The Wi-Fi network is still up and I can access home assistant via the app. Is it expected that the app cannot maintain a connection in this circumstance when the network isn’t connected to the internet? I’ll need to test some more but it seems that it stops working when my phone recognizes that there is no internet connection, but until then it still works to send notification even without internet.

And in terms of battery drain 1 widget or 10 widgets is the same?

yes and every user will have a different experience as each device is different.

It all depends on your setup, what external and internal URL is configured in the app. What URL was used by the app on the first connection etc… If you look at the logs under Companion App you should be able to see what URL is being used at the time of the disconnect. The app will try other URLs to reconnect but it all depends on your setup.

In the companion app I have “Home Assistant URL” as internal IP: http://192.168.1.231:8123/" the “Internal Connection URL” is the same and cannot be modified.

Note my app still works fine without internet, the issue I am seeing is that the websocket drops and losing ability to get local notifications sometime after I disconnect my router from the modem (drop internet connection), I worded it poorly above in regard to the app.
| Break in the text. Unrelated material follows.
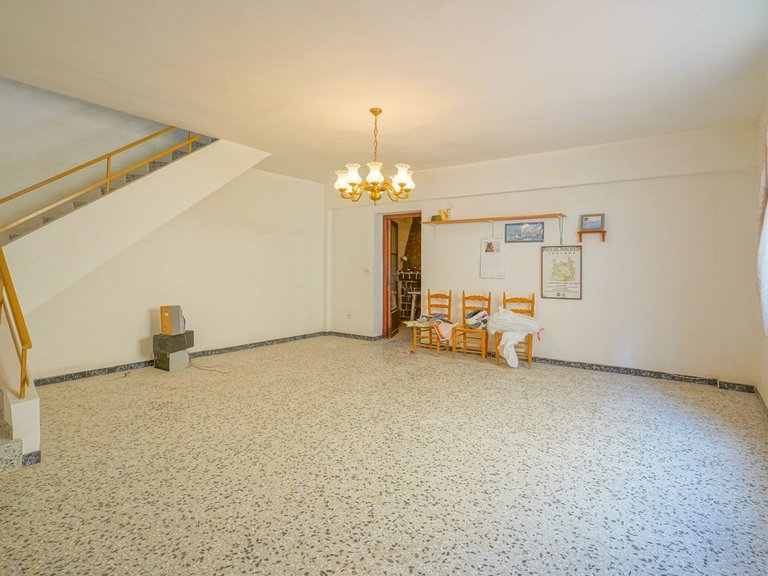 Apartment for Sale in Benissa pueblo, Benissa, Alicante 3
The local notifications do work without internet for some time but drop seemingly when Android notices that there is no internet.

Took a look at the code quickly, have never looked before, I am unfamiliar with the language and platform so this might not actually matter at all but…

This line to me appears to indicate there is some internet connection requirement as part of websocket work.

From my quick search it appears that for newer versions of Android NetworkType.CONNECTED does a validation check that requires internet. Not sure if this is intended. I would have presumed websocket, meant for local notifications would not depend on internet connection. But I am admittedly naive in these areas.

Edit: Oops, not familiar with the posting platform, sorry for the deleted messages.

So the reason why this check is there is because Internet is indeed required when you are remote . The same check applies to sensor updates. The app needs to account for remote access in addition to local access.

I have tested a bit more, and immediately as the phone notices internet is lost (not actually when it is lost) is when the websocket goes down and notifications stop working.

So the question I would have is can the requirement for internet be dropped when the app is operating locally and doesn’t actually need internet for the websocket?